Chris Uggen's Blog: click me!

Wednesday, February 15, 2006

click me!

another fine jon smajda tech tip:

i just returned from a presentation on clickers, or wireless personal response systems designed for classroom use. i do some polling in my delinquency and statistics classes, so this might work well for my larger classes. instructors are using them locally for quizzing students, gathering class participation data, and getting a quick check on what's sinking in versus what's just sinking. they seem perfect for the large number of shy students who nevertheless want to stay engaged in the class meetings. they might also be handy for getting midterm evaluation results on one's own teaching.
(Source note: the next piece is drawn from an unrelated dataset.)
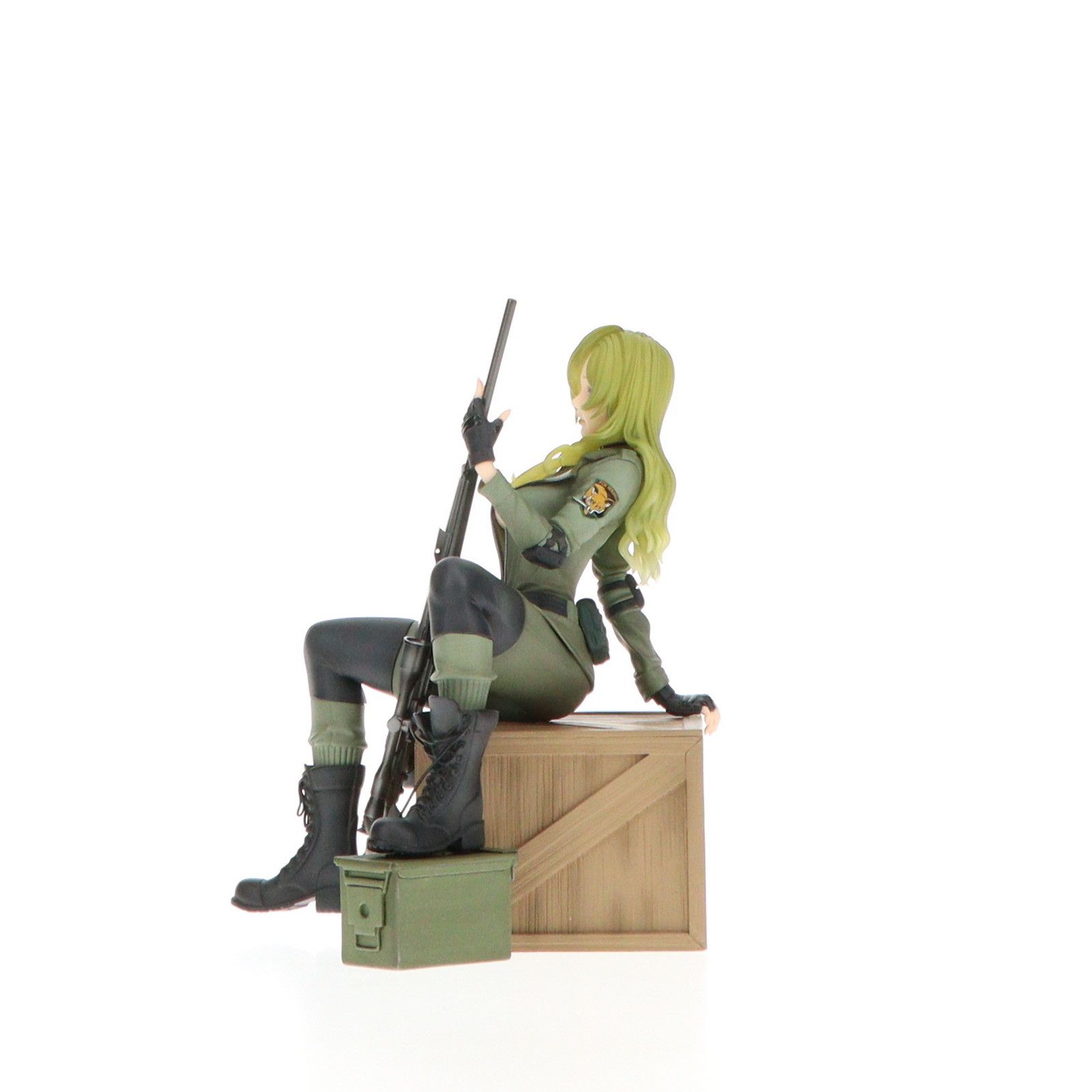 スナイパーウルフ　（開封品・美品）メタルギア メタルギア ソリッド美少女 スナイパーウルフ: フィギュア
judging from the presentation, the start-up costs would be low for current powerpoint users. you make a slide with a question, flag the correct response, and ask the students to click away. once you close polling, you can examine the responses and break them out in different formats. for my purposes, the most important features involve confidentiality, data formatted for easy download (e.g., into a spreadsheet), disaggregating responses by clickee characteristics such as gender, and the ability to construct questions on-the-fly during lecture. no problem on any of these counts. clicker systems could be great for undergrad data collection as well, particularly for social-psych projects. i'd like to see a little experiment comparing responses by hand-raising versus those individually collected by clickers. i'm sure the secret ballots generate different responses relative to the group dynamics in play with hand-raising.

who buys it? the way it was pitched today, the clicker would be bundled with other course materials at a cost of about $25 per student. to avoid passing the costs to students, departments could order a receiver and set of clickers as well. in our department, carolyn liebler and joel samaha are currently using the systems. there are myriad applications, but i especially like the idea of shifting course based on student responses -- both in a pedagogical sense (do they get the material or do they need another pass through it?) and in a "voice" or procedural justice sense (can they register their preferences on exam formats, review session times, and other issues?).


At 11:20 AM, Anonymous Anonymous said...

Glad you attended the noon presentation. I went to the 10:00 one myself. I was pleasantly surprised at how much the price of the equipment had dropped: about a year ago I looked into this when Joel started using these things and it's dropped significantly since then.

Personally, I'm most excited about where this is heading in the future. What I'd like to see - in an ideal world with unlimited funds - is for every student to have laptops and to be able to use those to communicate instead of clickers. Then you could not only do multiple choice type questions, but also get written feedback as well. This is actually already possible with the very system they demo'ed (they may have shown you that or not) but it's not implemented as well yet and, of course, not all students have laptops.

- Jon

At 11:47 AM, Blogger Mike W. said...

Is it possible to monitor which students are/are not participating? If you have the kind of class where attendance/participation are measured parts of the overall course grade, I'd imagine that this technoloy may lead to some contention in whether or not students actually participated.

Perhaps I'm being too cynical, but this strikes me as something that will increase the quantity of participation at the risk of more detailed discussion. It is certainly interesting, though, and when you have classes discussing topics that students consistently clam up over rather than discuss (topics of race, for example), perhaps you're more likely to get honest answers rather than recitation of socially approved stances on such topics (that disguise a student's true opinion/belief on a matter).

At 12:18 PM, Anonymous chris said...

i agree, jon, though the simple clickers are probably ok for me, since students can always write more on class blogs or email when there is more time. also, if they press the question key, they can at least signal their confusion; they might be more likely to raise their hands if they see that a few other people also had questions at the same point. i'm wary of charging students $25 for (what looks to me like) $2.50 worth of radio shack technology, but i understand that they can re-use them and that the clickers subsidize the receivers.

mike, you're absolutely right about volatile topics such as race and crime. that's just the sort of thing i had in mind. i sometimes ask a series of questions: (1) "how many of you think african americans commit more crime than whites?" (2) "how many think they commit twice as much crime?" (3) "five times as much?" (4) "ten times as much?"

at this point, i hit them with minnesota data showing african american incarceration rates that are more than ten times higher than white rates. i'd love to see the results i'd get with clickers compared to the results i get with a show of hands...

At 8:10 AM, Blogger tina said...

so many times I've wanted to poll students on things. very cool!

At 10:57 PM, Anonymous chris said...

it seems to work pretty well, tina. classroom technology is often cooler in theory than practice, of course, but i'm ready to give this one a try.